Hofmann's work "rescues a disturbing case of cold war history for an undeserved obscurity," observed Jeff Broadwater in American Historical Review. "Hofmann convincingly makes his case that the general, whether guilty or innocent, fell victim to injustice," Cornell stated. In the politically volatile atmosphere of the Cold War, Grow was convicted of mishandling classified data, even though the diary contained no classified material at all. He was compelled to incriminate himself, denied the opportunity to face his accusers, prohibited from accessing important evidence, and denied proper appeals procedures. Hofmann describes the "command influence" that allowed a senior general to subvert justice and suppress evidence that would have helped Grow but endanger the careers of other high-ranking officers. In 1957 Grow was successful in getting his sentence remitted, but the damage to his long military career could not be undone. "Despite a few flaws—Grow's character, for example, is never fully developed—Hofmann's study, prodigiously researched and richly detailed, is quite impressive," Broadwater concluded.
BIOGRAPHICAL AND CRITICAL SOURCES:
PERIODICALS
American Historical Review, April, 1994, Jeff Broadwater, review of Cold War Casualty: The Court-Martial of Major General Robert W. Grow, pp. 683-684.

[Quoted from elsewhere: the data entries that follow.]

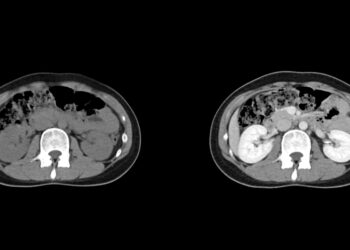Gerybiniai minkštųjų audinių navikai: tipai, simptomai ir gydymas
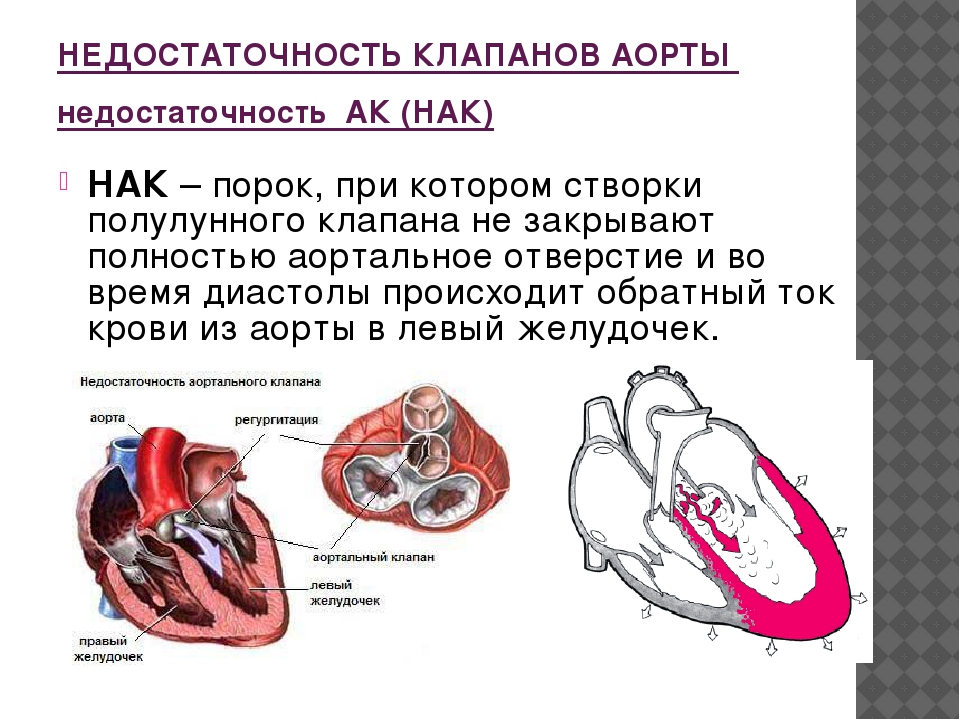 Порок аортального клапана мкб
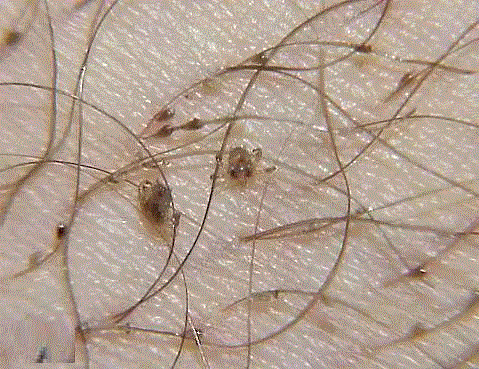 图源：Primary Care Dermatology Society,夭寿啦：六种可能在你眼中出现的生物,夭寿,眼中,生物,蜜蜂,图源,汗液,医生,蜱虫,虫子,眼睑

Historian, winter, 1994, Cecilia Stiles Cornell, review of Cold War Casualty, p. 427.
Journal of American History, September, 1994, Michael L. Grumelli, review of Cold War Casualty, pp. 803-804.
Library Journal, August, 1999, David M. Alperstein, review of Camp Colt to Desert Storm: The History of the U.S. Armored Forces, p. 110.
Publishers Weekly, December 14, 1992, review of ColdWar Casualty, p. 47; August 23, 1999, review of Camp Colt to Desert Storm, p. 37.